Sunday, April 26, 2009

The Future of Music

Chris Jones
Mr. Jenkins
Honors English 11
10 April 2009
The Future of Music
I found an article on futureofmusicbook.com. The article was entitled, “Future of Music”, and was quite intriguing. The author, Dave Kusek, discusses the music industry and attempts to explain the drop in CD sales in the last few years. He writes about the evolution of music distribution, and how the music recording industry has fought every bit of change from the beginning, and having resisted in that manner has ultimately led to where the industry is today, in a downward spiral that seems to be gaining speed and never slowing up.
In the beginning, music was distributed first through the selling of record albums, then moved to the 8-track, then after that it went to cassettes, and from there evolved into the CD, and finally the MP3. And that is the answer to the record company’s problems, the MP3. Once music went digital in that form all was lost. Kusek suggests that the problem could have been remedied back when they first started if record companies had made a partnership with the MP3 distribution method, but instead fought it and lost.

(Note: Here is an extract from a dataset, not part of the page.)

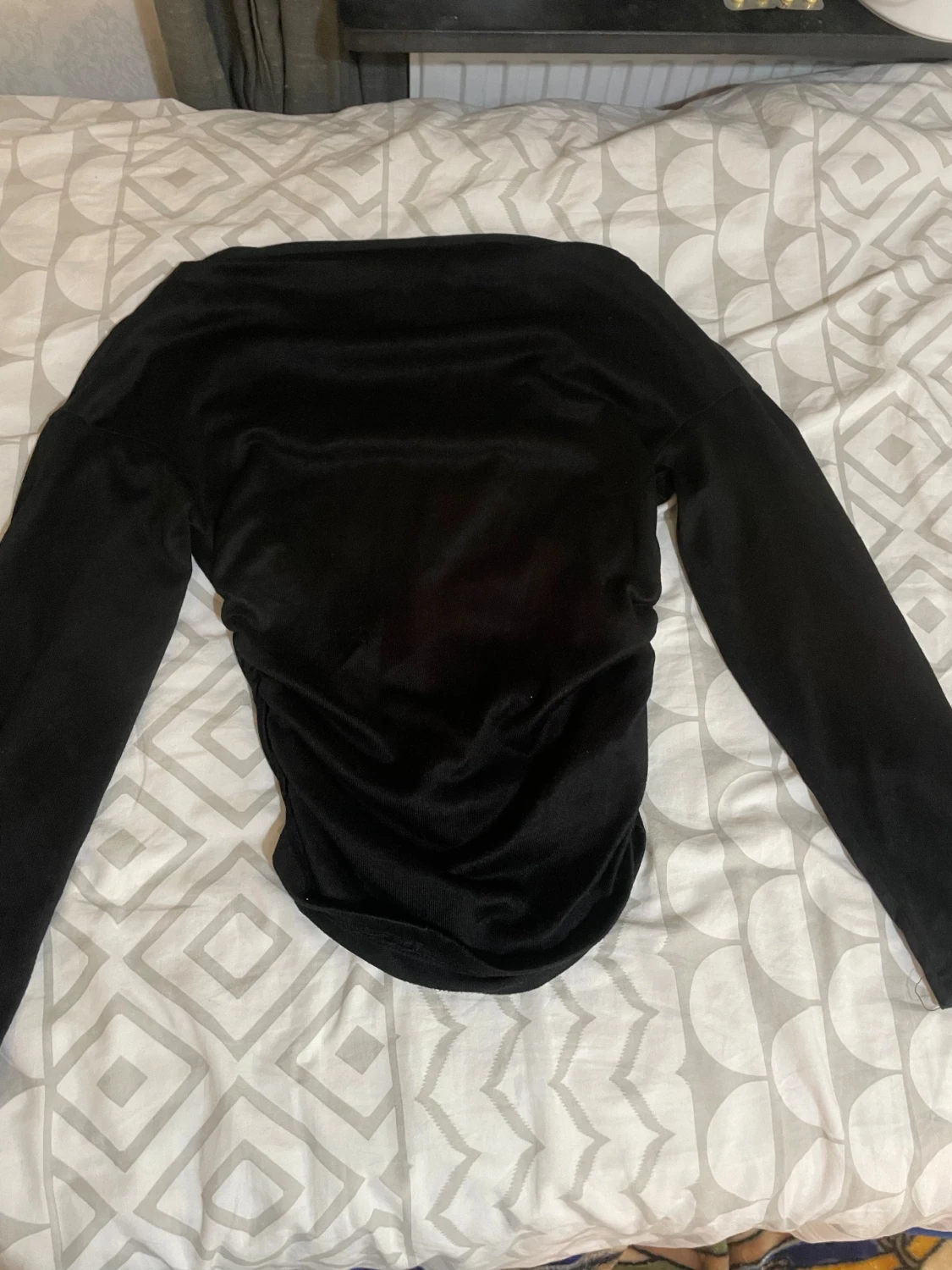 Svart topp med snörning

Sure the short term battle was one but the war has taken its toll and led to such things as Itunes, and Amazon. Nowadays people can get music for cheap or even free, and they know it. And that is through file sharing, which is how Itunes got its start. The music industry missed the boat when MP3s came around and now their future is in jeopardy. Sure they have partnerships with some music distributors that charge for there music, but profits will never be the same. And there will never be a legitimate way for them to catch up with the way things are now. Bottom line is music is evolving and evolution is the future, and eventually music may end playing a similar role as televison does. At this Kusek notes music will be, “a service that you subscribe to that is bundled into your bill.” (Kusek, 1)


Kusek, Dave. Future of Music. 10 April, 2009. .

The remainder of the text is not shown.